▸ **How to complete this task**:
Everything in the data below is left aside except the lines from the one containing "lb — Carne Fresca" through the one containing "Carte Postale Puma fumeur (Debout devant)"; repeat those exactly.

▸ **Excerpted records**:
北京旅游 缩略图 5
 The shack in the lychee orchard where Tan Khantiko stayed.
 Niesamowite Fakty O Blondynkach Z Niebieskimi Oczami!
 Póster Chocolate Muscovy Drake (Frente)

...

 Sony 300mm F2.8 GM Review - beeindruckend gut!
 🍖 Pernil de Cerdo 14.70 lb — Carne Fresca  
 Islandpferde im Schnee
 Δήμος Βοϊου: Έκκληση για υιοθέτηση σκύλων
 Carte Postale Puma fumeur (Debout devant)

* * *

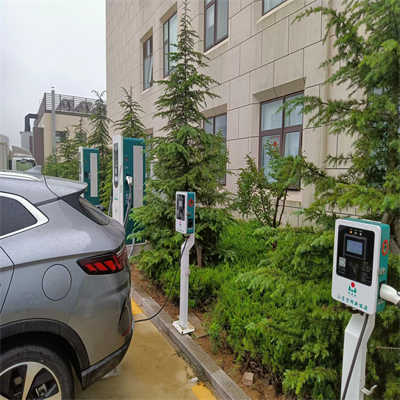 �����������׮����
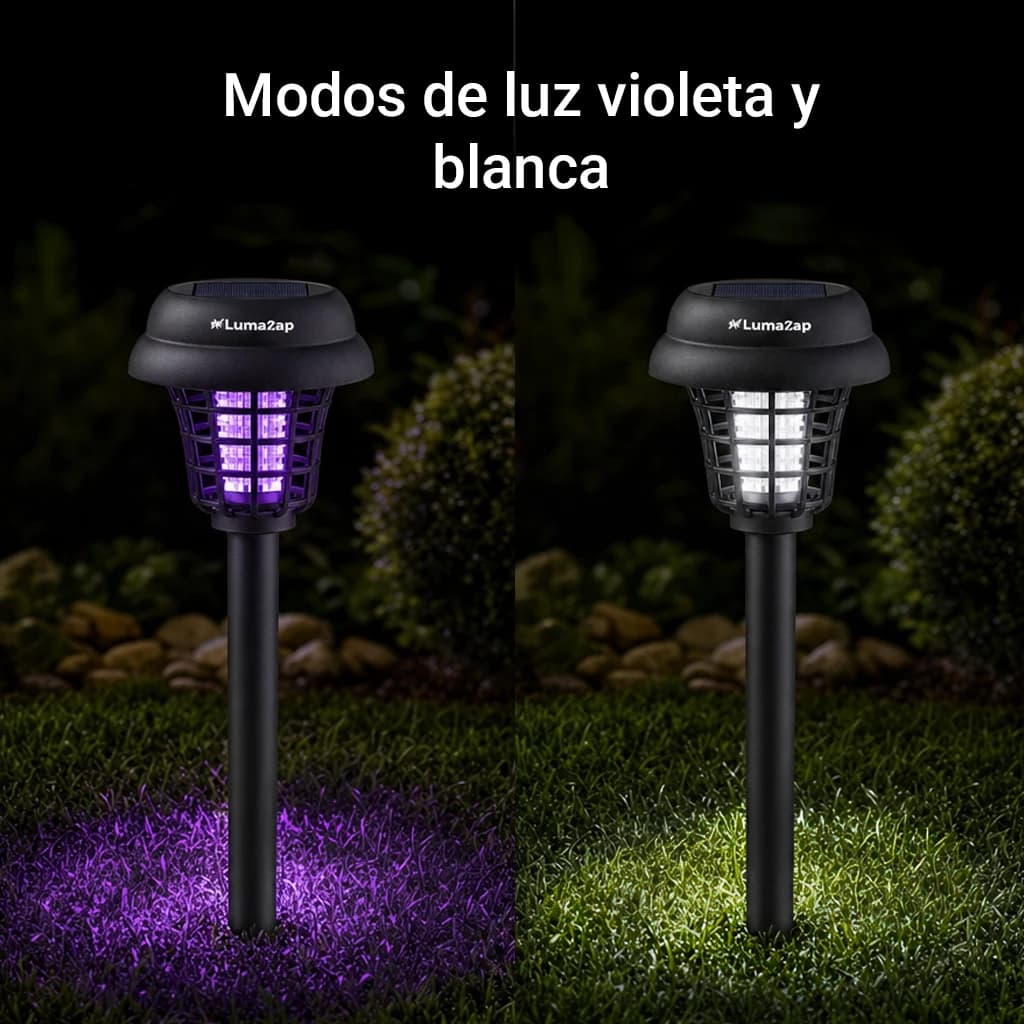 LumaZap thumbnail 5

▸ **Output below**:
 🍖 Pernil de Cerdo 14.70 lb — Carne Fresca  
 Islandpferde im Schnee
 Δήμος Βοϊου: Έκκληση για υιοθέτηση σκύλων
 Carte Postale Puma fumeur (Debout devant)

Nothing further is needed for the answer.